---------- MATERIAL PROVIDED ----------

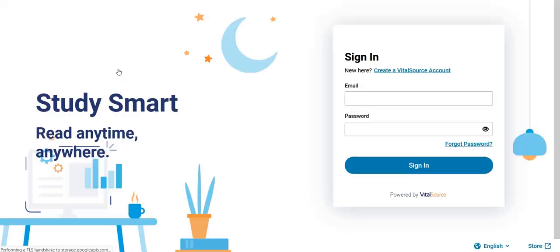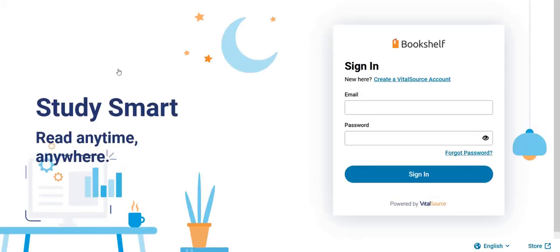If you are a new student, you need to create your account in VitalSource Bookshelf. To create your account, you need to click on 'Create a VitalSource Account.'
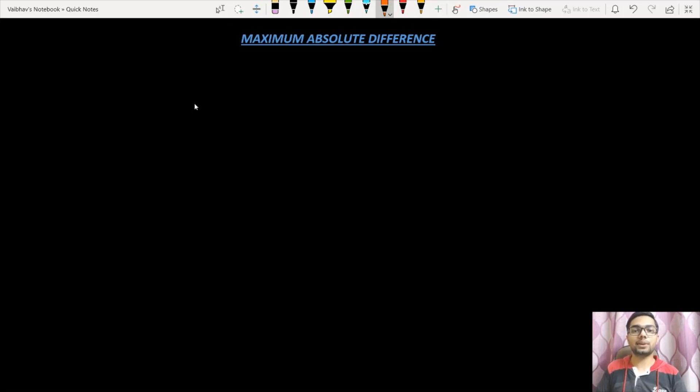Hi guys, welcome back to Algorts. In this video, we are going to discuss a question named maximum absolute difference.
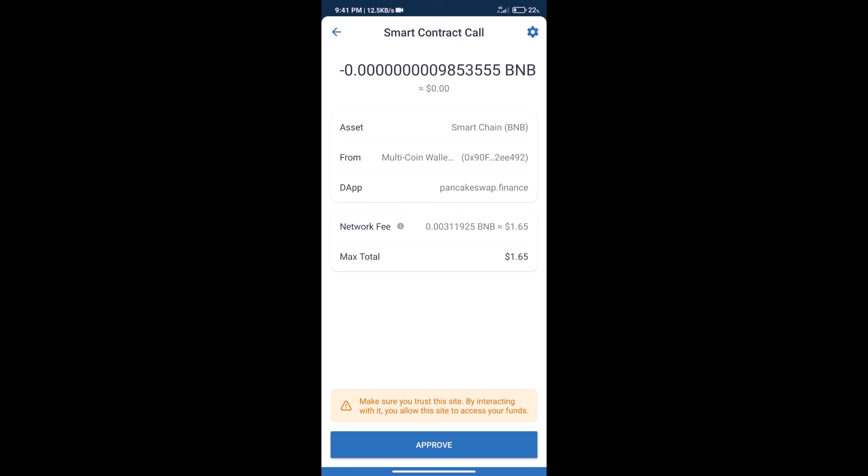After that, we will click on Approve, and finally we will receive the token successfully. Guys, I have only shared the technical process, not financial advice. Invest in cryptocurrency at your own risk. Thanks for watching.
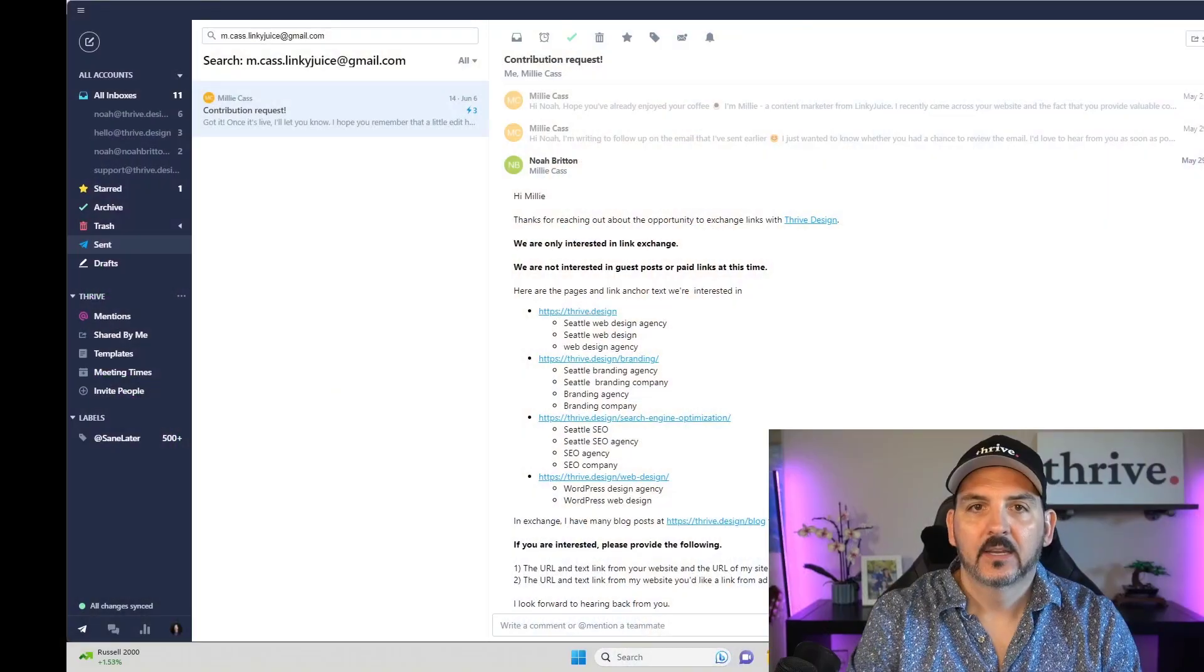Hey, it's Noah here, and I want to show you the workflow for backlink exchange that I'm doing right now. So I'm going to share my screen.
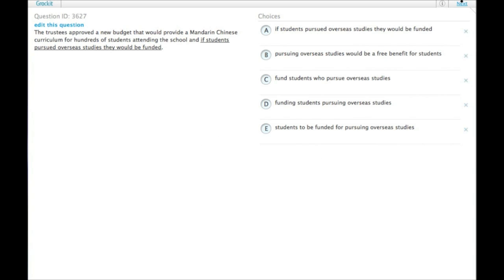The trustees approved a new budget that would provide a Mandarin Chinese curriculum for hundreds of students attending the school, and if students pursued overseas studies they would be funded.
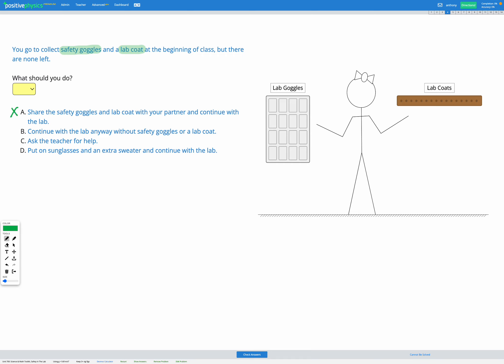What about B? B is continue with the lab anyway without safety goggles or a lab coat. That's also not going to work because we need a lab coat and safety goggles to keep our eyes and clothes and body safe during an experiment. So B is not going to work.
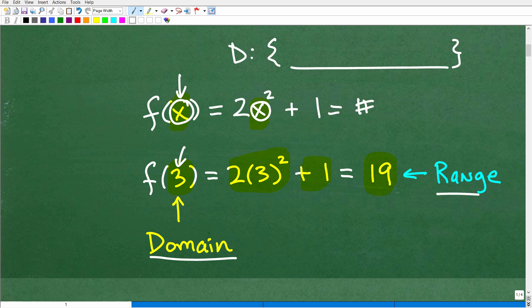The domain is basically all the numbers that we are allowed to plug into a function — what numbers can we plug in such that we actually get a number out. The respective numbers that we get out of a function once we plug numbers in are called the range. That's a separate conversation, but if you're studying the domain, you need to know a little about the range as well. Effectively, the domain is the set of all allowable numbers you can plug into a function.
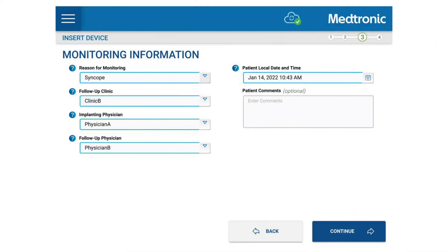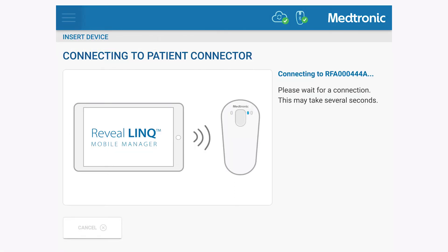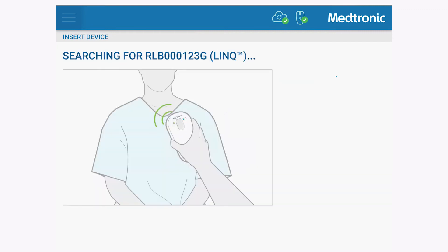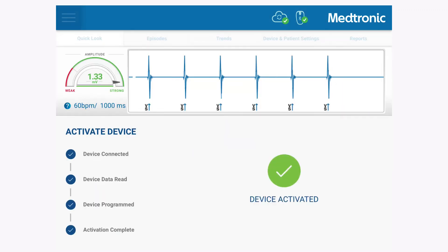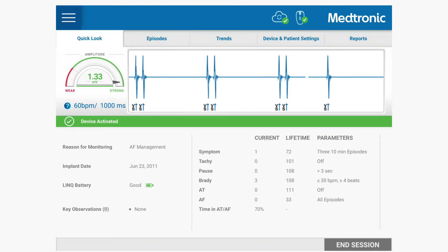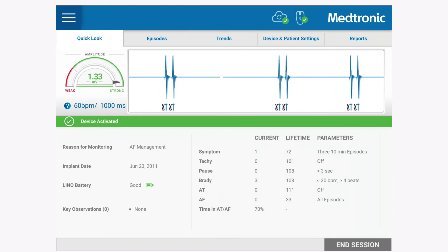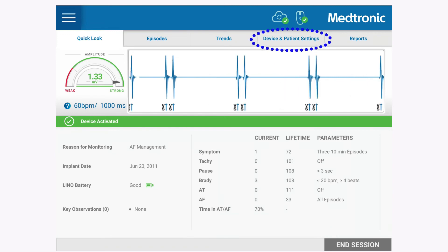The following information — including the patient's reason for monitoring, follow-up clinic, and implanting physician — can be added after associating the monitor. Each reason for monitoring has specific nominal programmable settings. These nominal settings can be changed on the device and the patient's settings tab after R-Waves are confirmed.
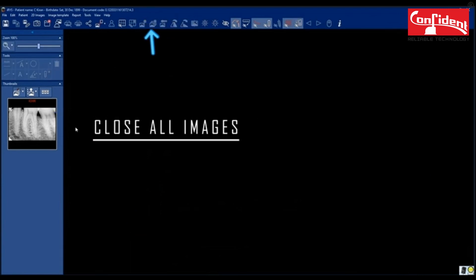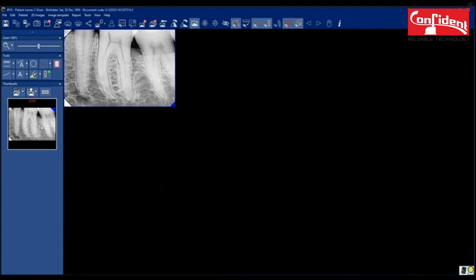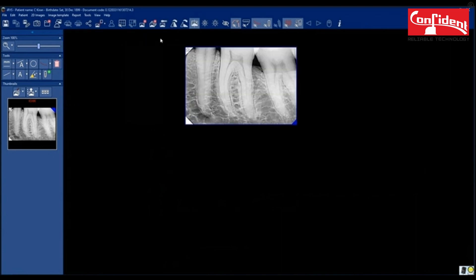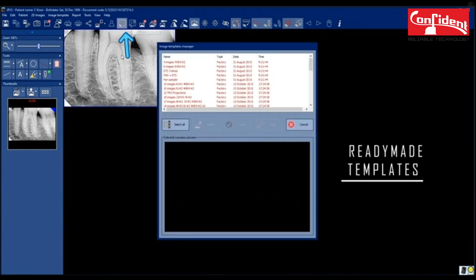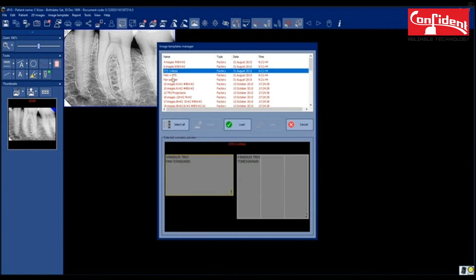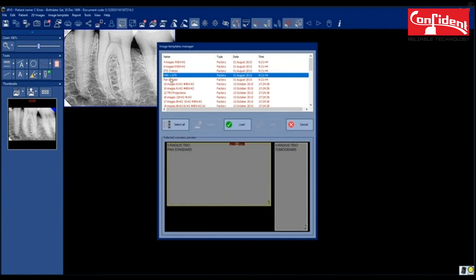Click here to close all images. Double click on the same icon to show them. Select a ready-made template for your images. You will find lot of options to select.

----------

• WHAT YOU ARE ASKED TO DO
Any picture among the entries must be skipped; copy all else exactly.

• RESULT OF THIS TASK
If you are a new student, you need to create your account in VitalSource Bookshelf. To create your account, you need to click on 'Create a VitalSource Account.'
Hi guys, welcome back to Algorts. In this video, we are going to discuss a question named maximum absolute difference.
After that, we will click on Approve, and finally we will receive the token successfully. Guys, I have only shared the technical process, not financial advice. Invest in cryptocurrency at your own risk. Thanks for watching.
Hey, it's Noah here, and I want to show you the workflow for backlink exchange that I'm doing right now. So I'm going to share my screen.
The trustees approved a new budget that would provide a Mandarin Chinese curriculum for hundreds of students attending the school, and if students pursued overseas studies they would be funded.
What about B? B is continue with the lab anyway without safety goggles or a lab coat. That's also not going to work because we need a lab coat and safety goggles to keep our eyes and clothes and body safe during an experiment. So B is not going to work.
The domain is basically all the numbers that we are allowed to plug into a function — what numbers can we plug in such that we actually get a number out. The respective numbers that we get out of a function once we plug numbers in are called the range. That's a separate conversation, but if you're studying the domain, you need to know a little about the range as well. Effectively, the domain is the set of all allowable numbers you can plug into a function.
The following information — including the patient's reason for monitoring, follow-up clinic, and implanting physician — can be added after associating the monitor. Each reason for monitoring has specific nominal programmable settings. These nominal settings can be changed on the device and the patient's settings tab after R-Waves are confirmed.
Click here to close all images. Double click on the same icon to show them. Select a ready-made template for your images. You will find lot of options to select.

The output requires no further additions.